Under PEP 695 you no longer pass covariant=True / contravariant=True. The checker reads how each parameter is used and infers its variance: output-only positions become covariant, input-only become contravariant, both become invariant.

# Python 3.12+, mypy 1.x / pyright
class Producer[T]:
    def get(self) -> T: ...          # T only in output → inferred covariant

class Sink[T]:
    def put(self, item: T) -> None: ...  # T only in input → inferred contravariant

The parameter is also lexically scoped: the T in class Repo[T] is visible only inside Repo’s body and is a distinct variable from a T introduced by a method’s own [T]. This eliminates a class of bugs where a single module-level TypeVar was accidentally shared across unrelated classes.

Analyzer behaviour

mypy

PEP 695 syntax requires mypy 1.x and a target of Python 3.12. Run it with --python-version 3.12 (or set it in config); on an older target mypy reports the brackets as a syntax error.
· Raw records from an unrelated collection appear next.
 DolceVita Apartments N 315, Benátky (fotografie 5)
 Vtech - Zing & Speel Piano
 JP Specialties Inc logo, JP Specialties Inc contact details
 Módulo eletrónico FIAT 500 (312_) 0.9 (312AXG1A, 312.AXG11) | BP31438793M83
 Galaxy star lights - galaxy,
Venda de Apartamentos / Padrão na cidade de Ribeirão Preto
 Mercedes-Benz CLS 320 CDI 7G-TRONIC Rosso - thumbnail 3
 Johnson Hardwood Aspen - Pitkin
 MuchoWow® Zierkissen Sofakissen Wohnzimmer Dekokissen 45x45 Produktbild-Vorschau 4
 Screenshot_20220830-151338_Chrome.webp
Misusing an inferred-variance parameter — e.g. declaring it where the inferred variance is unsound — surfaces as [misc], and referencing a parameter outside its lexical scope raises [name-defined]. Bound violations report [type-var].

# Python 3.12+, mypy 1.x
def save[T: Model](row: T) -> T: ...
save(42)                             # mypy error: [type-var]
# "Value of type variable T of save cannot be int"
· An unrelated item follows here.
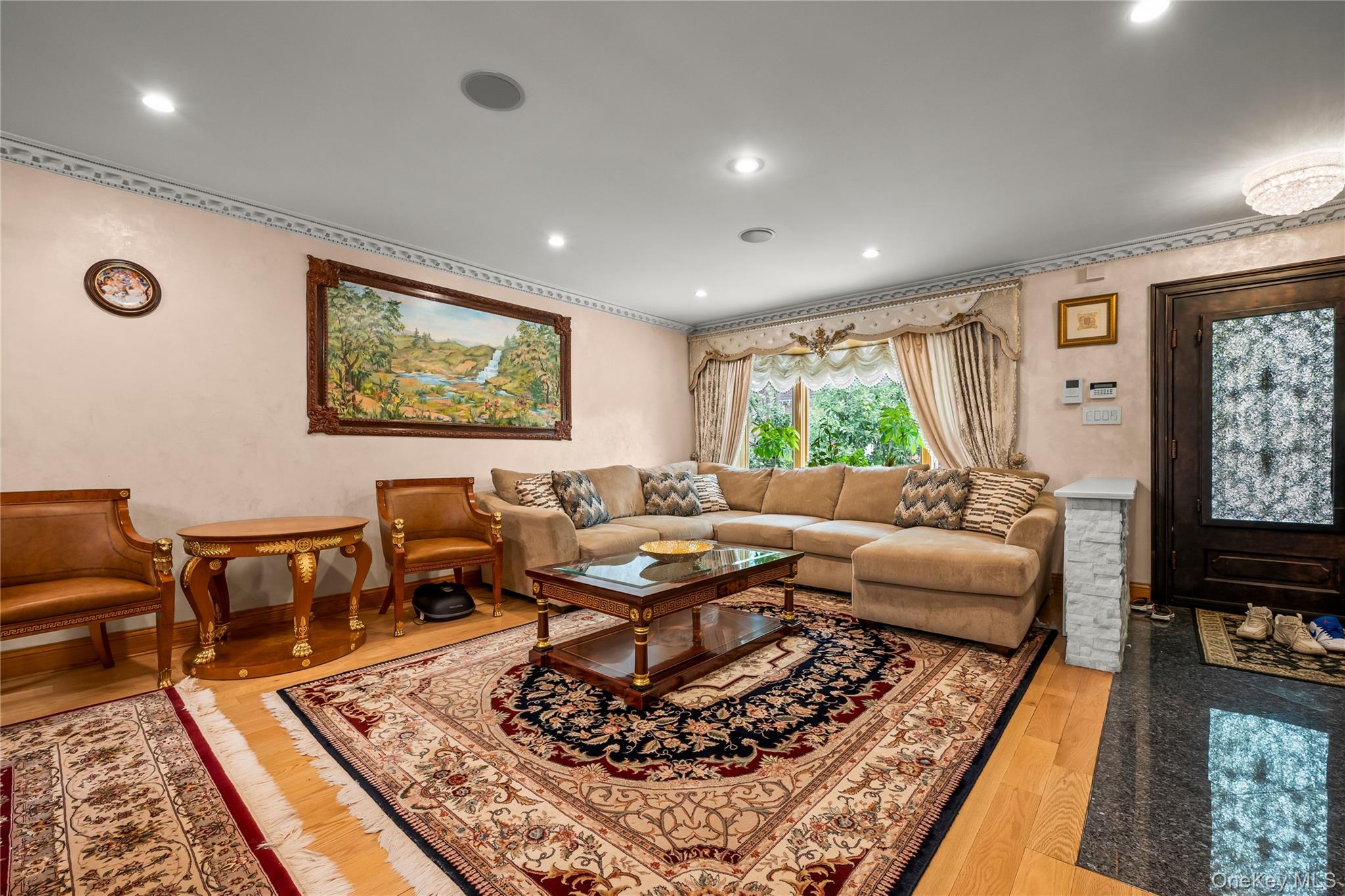 3rd image of 108-42 64Th Rd, Forest Hills, NY 11375 | MLS# 1027048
Pin the target in config so CI and local runs agree:

# pyproject.toml — required for PEP 695 under mypy
[tool.mypy]
python_version = "3.12"

pyright

pyright supports PEP 695 natively with no flag and applies the same inference. A bound violation is reportArgumentType; using covariant=/contravariant= on an inline parameter, or otherwise misusing the parameter, is reportInvalidTypeVarUse; an inferred-variance conflict in a class hierarchy is reportGeneralTypeIssues. pyright will check 3.12 syntax even when pythonVersion is lower, but flags the construct as unavailable on the target — keep pythonVersion accurate so the diagnostics match your runtime.

Strictness tuning

While migrating a package incrementally, you can scope PEP 695 checking per module rather than flipping the whole codebase. Keep the global target at 3.12 but relax error codes on modules still mid-migration:

# pyproject.toml — relax one in-progress module
[[tool.mypy.overrides]]
module = "services.legacy_repo"
disable_error_code = ["type-var"]

Debugging false positives

A common surprise: an inferred-covariant parameter “suddenly” rejects a setter you add later. That is not a false positive — adding def put(self, item: T) moves T into an input position, so it can no longer be covariant, and mypy reports [misc]. The fix is to accept the invariance (the class is now genuinely read-write) rather than to suppress the code.

Common pitfalls

  • Forgetting the target version: PEP 695 brackets are a syntax error under mypy unless python_version = "3.12". There is no from __future__ backport — see the migration guide.
  • Keeping the Generic[T] base: class Repo[T](Generic[T]) is redundant and rejected; the bracket syntax already makes the class generic.
  • Passing bound=/covariant= inline: Those keywords belong to TypeVar(). With [T: Model] the bound is the colon; the keyword form is a syntax error.
  • Assuming module-level reuse: An inline [T] is local. To share one parameter across several functions you still declare a TypeVar — or repeat [T], which creates independent variables.

FAQ

Do I still need to import TypeVar? Only for legacy declarations or when you deliberately want a named, module-level, reusable type variable. Pure PEP 695 code needs no typing import for its parameters.

Does PEP 695 change runtime behaviour? The brackets create real TypeVar objects (visible via __type_params__) and a lazy TypeAliasType, but they impose no runtime type checking — annotations stay advisory.

Can I use [T] on Python 3.11? No. The syntax is parsed only by the 3.12+ compiler. Stay on TypeVar until every runtime is 3.12.